Order preservation $P_i$ corresponds to input $T_i$
Metric deduplication each distinct metric computed once regardless of threshold count

Example

Compare1([1..10], [(Center, 20, 1e-3)]) → [Projection(5.5, [...], Less)]
Compare1([1..10], [(Spread, 0.1, 1e-3)]) → [Projection(3, [...], Greater)]

$\operatorname{Compare1}$ automates the pattern of computing an estimate, constructing bounds, and comparing the bounds against a practical threshold. Instead of asking whether $\operatorname{Center}$ is significantly different from zero, it answers whether $\operatorname{Center}$ is reliably above or below a practical threshold. Each threshold produces a ternary verdict that respects both statistical uncertainty and practical relevance. When multiple thresholds are needed (different metrics or different misrates), pass them all in one call to avoid redundant computation.

Algorithm

$\operatorname{Compare1}$ orchestrates estimation and comparison in two phases: pre-pass validation and the statistical phase.

Pre-pass validation

Before any statistical computation:

Reject weighted samples (unsupported).
Reject null or empty threshold list.
Reject threshold items containing null.
Reject thresholds with metrics not in ${\operatorname{Center}, \operatorname{Spread}}$ (wrong arity).
Reject thresholds with non-finite values.

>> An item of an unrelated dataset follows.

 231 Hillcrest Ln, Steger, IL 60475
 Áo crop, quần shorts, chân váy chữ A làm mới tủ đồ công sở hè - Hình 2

These checks happen before bounds computation, so no statistical work is done on invalid inputs.

Validate-and-normalize pass

For each threshold, in input order:

Center: check unit compatibility with $\mathbf{x}$ ; convert threshold value to $\mathbf{x}$ s unit.
Spread: same as Center.

Bindings that support plain numeric shorthand (Python and R) interpret it directly on the comparison scale; explicit measurement thresholds are normalized as above.

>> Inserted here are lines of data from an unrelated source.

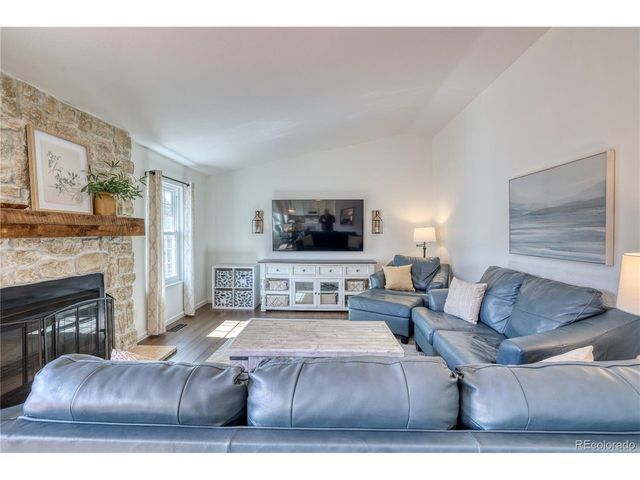 21268 E Powers Pl, Centennial, CO 80015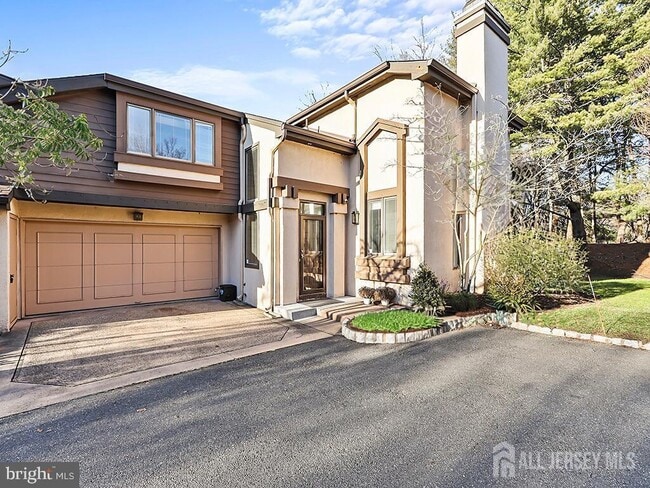 Photo - 540 Sayre Dr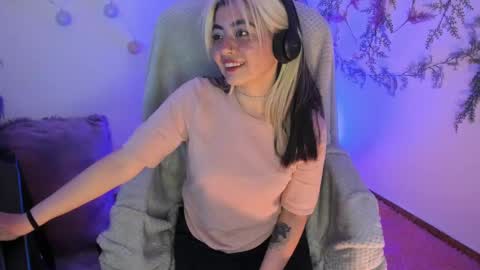   online show from January 25, 8:21 pm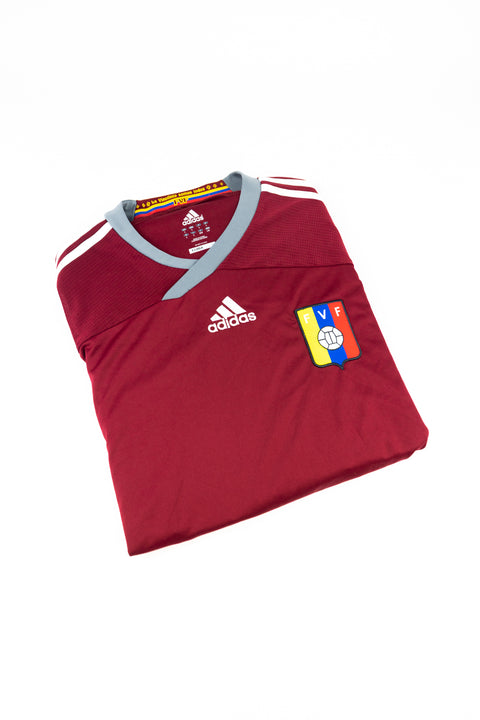Venezuela 2011-12 Football Shirt Made by Adidas Size Large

Statistical phase (canonical metric order: Center → Spread)

For each present metric (in canonical order), compute the estimate once and bounds for each threshold entry of that metric:

\begin{aligned} \text{estimate} = \begin{cases} \operatorname{Center}(\mathbf{x}) & \text{if metric} = \operatorname{Center}, \operatorname{Spread}(\mathbf{x}) & \text{if metric} = \operatorname{Spread} \end{cases} \end{aligned}

\begin{aligned} \text{bounds} = \begin{cases} \operatorname{CenterBounds}(\mathbf{x}, \mathrm{misrate}_i) & \text{if metric} = \operatorname{Center}, \operatorname{SpreadBounds}(\mathbf{x}, \mathrm{misrate}_i, \text{seed}) & \text{if metric} = \operatorname{Spread} and \text{seed} \neq \text{null}, \operatorname{SpreadBounds}(\mathbf{x}, \mathrm{misrate}_i) & \text{if metric} = \operatorname{Spread} and \text{seed} = \text{null} \end{cases} \end{aligned}

Verdict computation

\begin{aligned} \text{verdict}_i = \begin{cases} \text{Greater} & \text{if} L_i > t_i, \text{Less} & \text{if} U_i < t_i, \text{Inconclusive} & \text{otherwise} \end{cases} \end{aligned}

where $[L_i, U_i]$ are the bounds for threshold $i$ and $t_i$ is the normalized threshold value.

Result ordering

Results are stored in input order regardless of canonical processing order. Input [Spread, Center] produces output [spread_projection, center_projection].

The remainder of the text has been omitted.